== REQUIRED WORK ==
Take the line with "an alpine man is climbing up a steep cliff" and every line after it in the entries below, and set them down exactly, without any pictures.

Image-caption web data
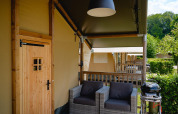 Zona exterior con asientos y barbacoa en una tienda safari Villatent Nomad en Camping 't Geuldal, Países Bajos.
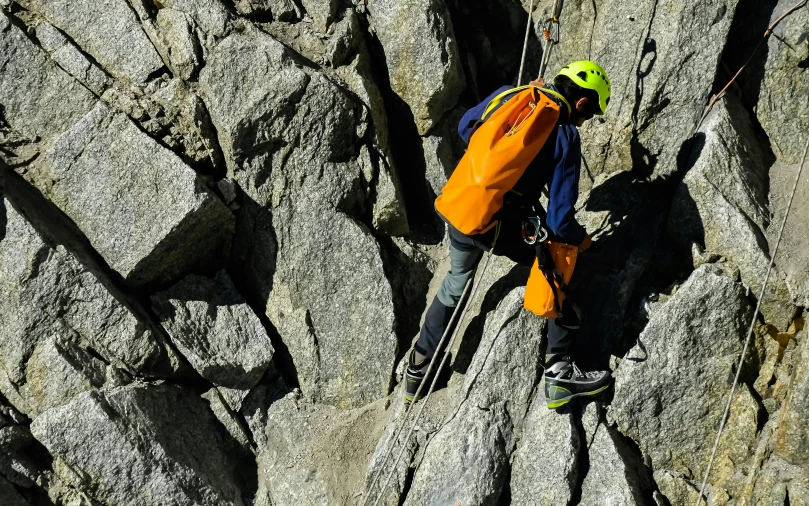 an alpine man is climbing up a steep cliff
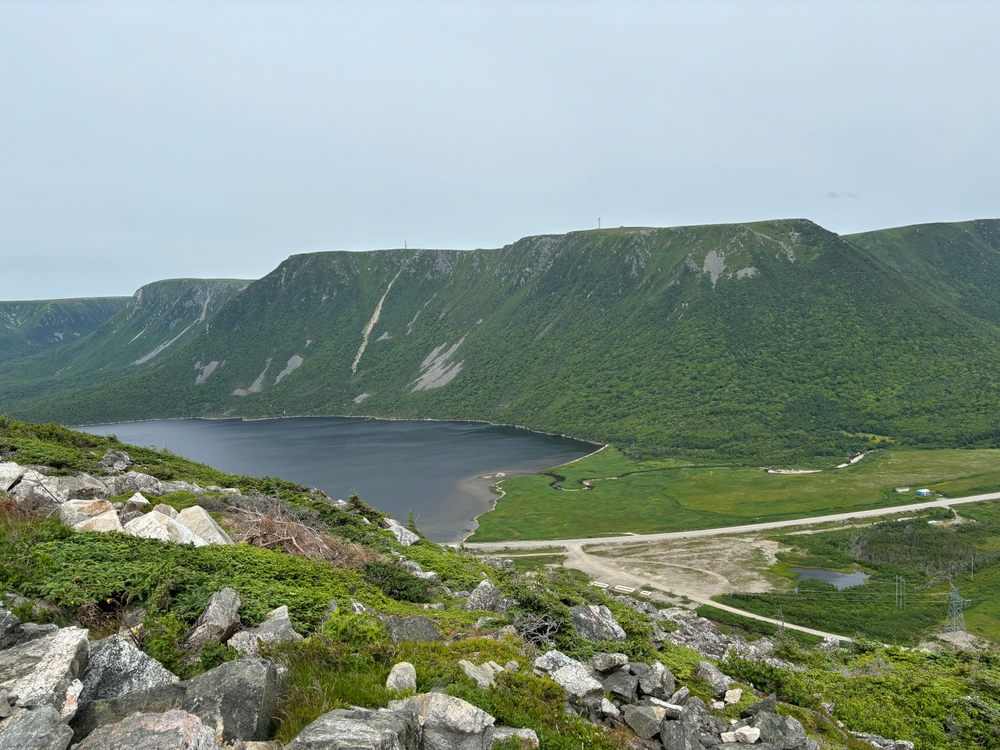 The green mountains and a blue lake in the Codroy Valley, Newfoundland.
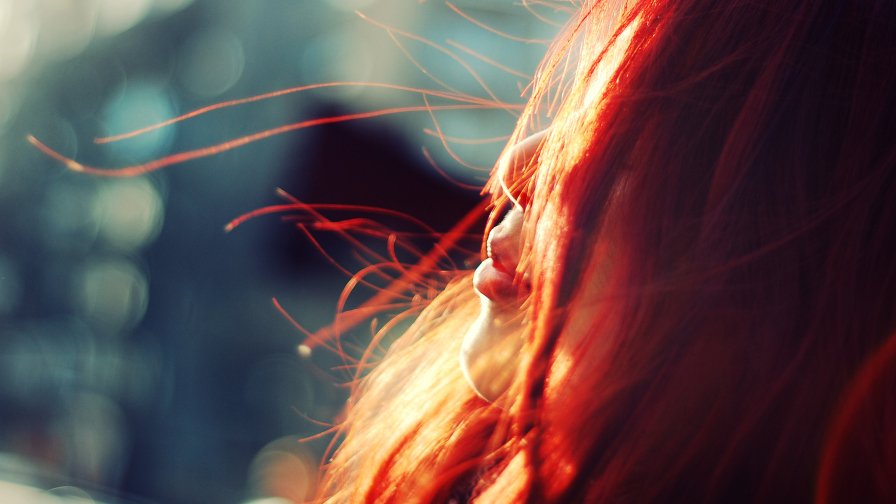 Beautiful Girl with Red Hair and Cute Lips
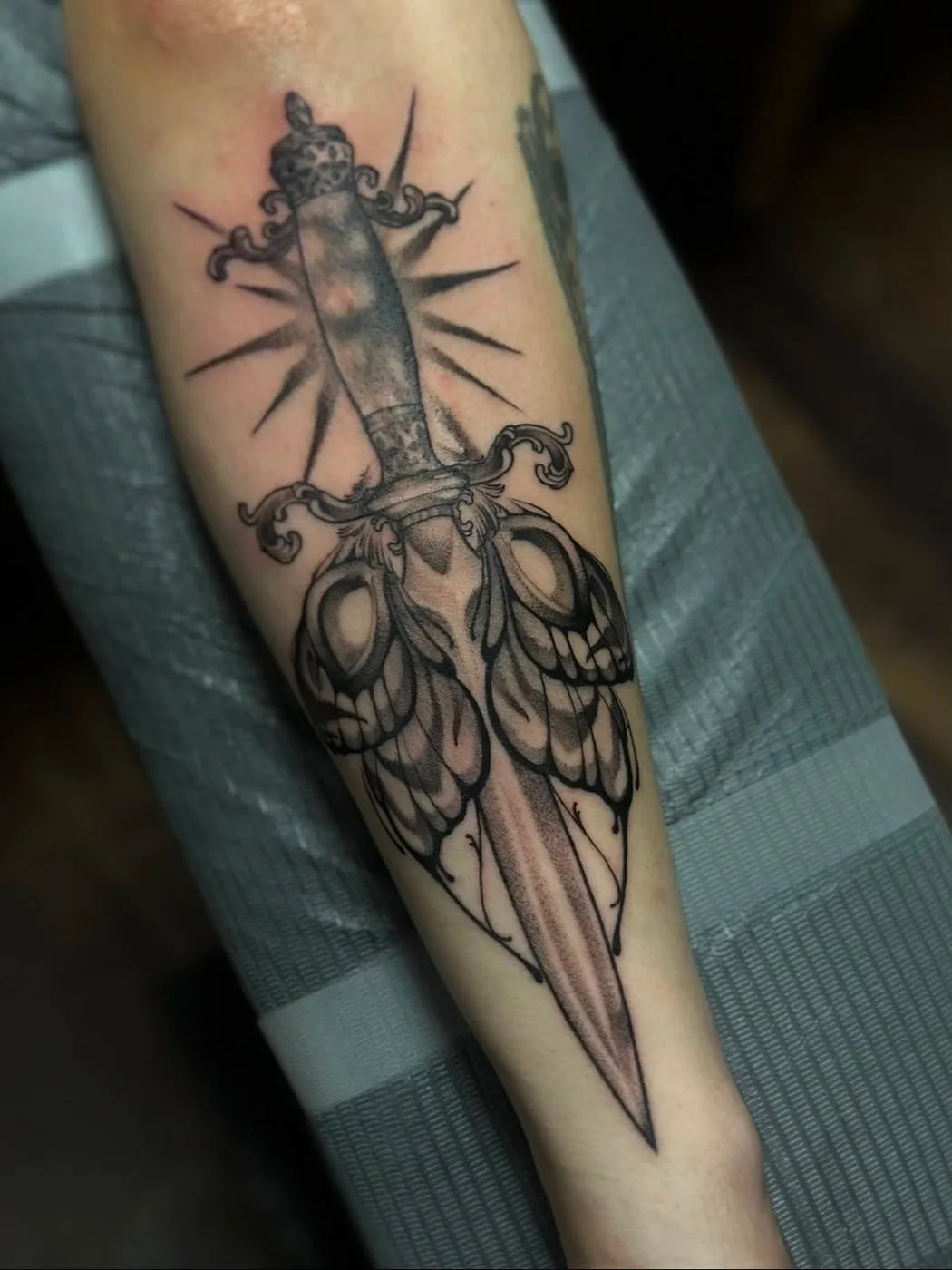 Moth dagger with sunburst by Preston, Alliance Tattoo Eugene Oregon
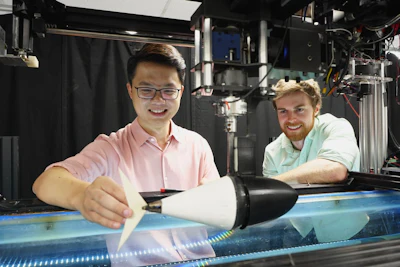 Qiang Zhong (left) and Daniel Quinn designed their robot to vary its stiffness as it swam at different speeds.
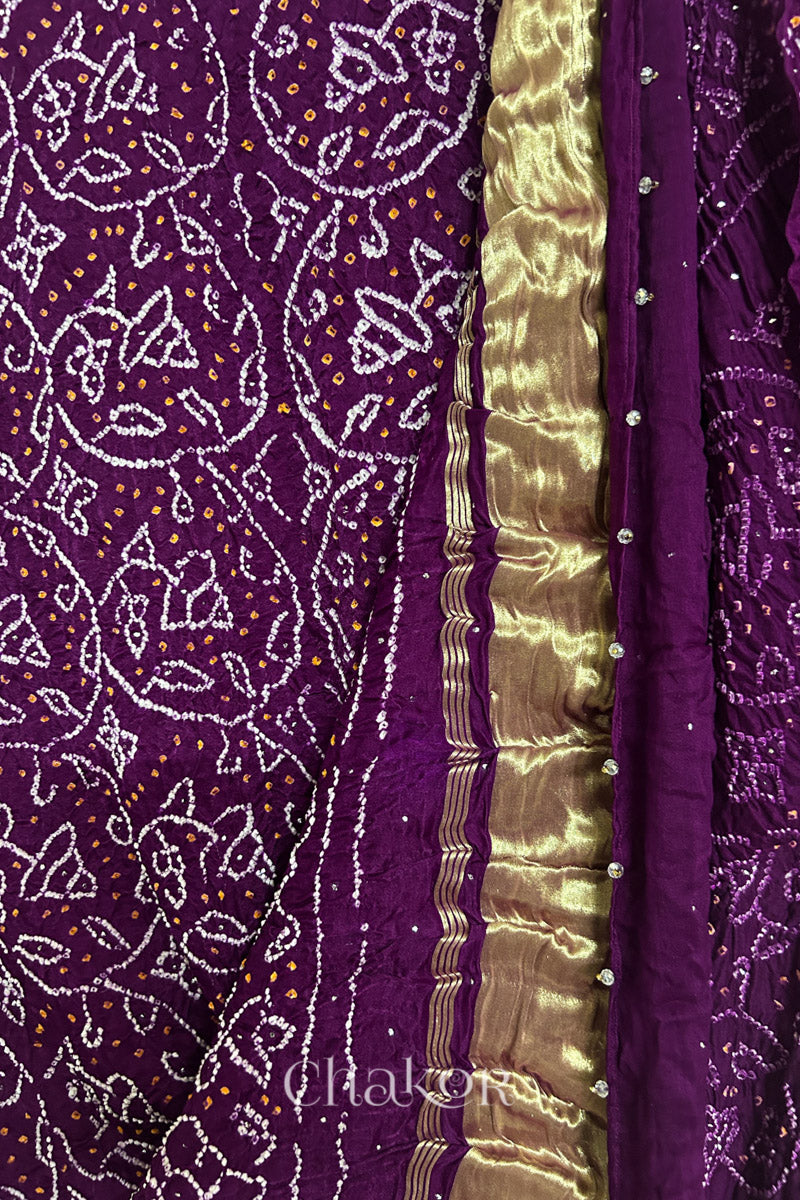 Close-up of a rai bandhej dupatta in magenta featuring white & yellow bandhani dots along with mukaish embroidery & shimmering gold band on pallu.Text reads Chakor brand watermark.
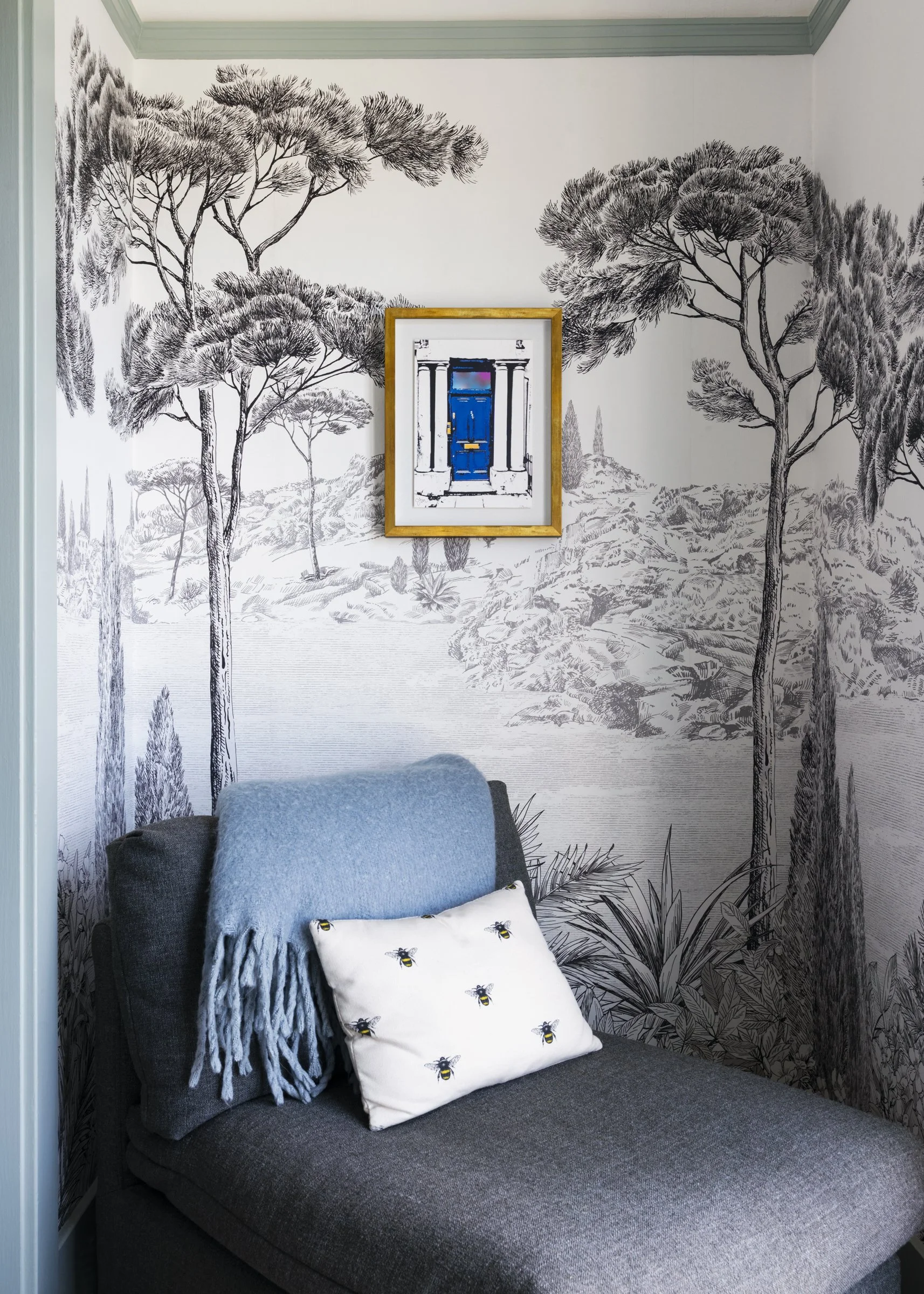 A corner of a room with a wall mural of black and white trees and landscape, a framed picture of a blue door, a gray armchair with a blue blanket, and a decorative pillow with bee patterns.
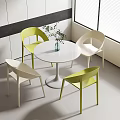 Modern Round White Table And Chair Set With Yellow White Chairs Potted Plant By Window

== SOLUTION BELOW ==
 an alpine man is climbing up a steep cliff
 The green mountains and a blue lake in the Codroy Valley, Newfoundland.
 Beautiful Girl with Red Hair and Cute Lips
 Moth dagger with sunburst by Preston, Alliance Tattoo Eugene Oregon
 Qiang Zhong (left) and Daniel Quinn designed their robot to vary its stiffness as it swam at different speeds.
 Close-up of a rai bandhej dupatta in magenta featuring white & yellow bandhani dots along with mukaish embroidery & shimmering gold band on pallu.Text reads Chakor brand watermark.
 A corner of a room with a wall mural of black and white trees and landscape, a framed picture of a blue door, a gray armchair with a blue blanket, and a decorative pillow with bee patterns.
 Modern Round White Table And Chair Set With Yellow White Chairs Potted Plant By Window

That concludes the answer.